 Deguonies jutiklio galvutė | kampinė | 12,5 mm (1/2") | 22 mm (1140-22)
...
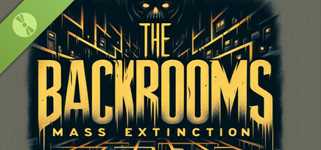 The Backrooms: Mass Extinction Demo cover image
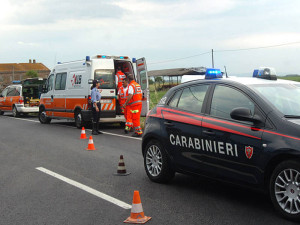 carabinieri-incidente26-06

▶ [Exercise instructions] Starting at the line above with "The Backrooms: Mass", output every line exactly up to and including the line with "carabinieri-incidente26-06", but none of the pictures.

▶ [Response box]
 The Backrooms: Mass Extinction Demo cover image
 carabinieri-incidente26-06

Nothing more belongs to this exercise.